Tal como lo anticipó el sociólogo Marshall McLuhan, de manera casi profética, en Understanding Media: The Extensions of Man (1964), donde describe a los medios electrónicos como extensiones del sistema nervioso humano: “Situando nuestros cuerpos físicos en el centro de nuestros sistemas nerviosos ampliados con la ayuda de los medios electrónicos, iniciamos una dinámica por la cual todas las categorías anteriores, que son meras extensiones de nuestro cuerpo, incluidas las ciudades, podrán traducirse en sistemas de información”.
Es decir, las ciudades se vuelven smart cities, las personas existen también como perfiles digitales, las experiencias se registran y comunican como información a una audiencia. Esto no solo habla del paso del mundo físico al mundo mediado por datos, donde la vida se vive tanto en lo tangible como en lo virtual, también explica que, al actuar como extensiones de los sistemas nerviosos, las herramientas se convierten prácticamente en nuevos órganos de nuestro cuerpo, capaces de almacenar todos los aspectos importantes de la información personal concerniente a su portador: datos, historiales, direcciones, contactos, archivos, fotos, etc. Más notorio aún resulta el caso particular del teléfono celular, pues hoy, salir sin él, quedarse sin datos móviles, no contar con una cámara de acceso inmediato o incluso enfrentar ratos de incomodidad y aburrimiento sin scrollear, son escenarios que representan grandes obstáculos para casi todos quienes ya normalizamos estas prácticas.
Desde jóvenes y niños hasta adultos de todas las edades, casi nadie se salva de ese aparente destino marcado por la casi total dependencia. Ahora, los momentos que resultan extraños del día son en los que no tenemos el teléfono en la mano. Incluso aplaudimos los resultados de nuestro poco tiempo en pantalla como si fuera un gran logro. Pareciera que una vida humana desarrollada sin la mediación constante de pantallas, una centrada en habilidades prácticas, dejó de ser la regla para convertirse en la excepción. Una por la que muchas veces debemos luchar contra nosotros mismos para recuperar.
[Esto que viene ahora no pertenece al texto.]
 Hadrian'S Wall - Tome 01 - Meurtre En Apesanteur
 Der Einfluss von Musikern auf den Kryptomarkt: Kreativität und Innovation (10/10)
Siguiendo la teoría de McLuhan, podemos afirmar que la inserción de un nuevo “órgano” no requiere únicamente de adaptabilidad. Pues, de todas formas, el humano es un ser altamente capaz de ajustarse a las circunstancias de su entorno. Lo que se necesita fundamentalmente y muy pocas veces se logra, es un equilibrio entre los dos “entes” que ahora conforman un mismo cuerpo. Un estado de simbiosis en el que ambos se complementen, sin interferir con las funciones naturales del otro, pues esto puede llevar a un atrofiamiento preocupante.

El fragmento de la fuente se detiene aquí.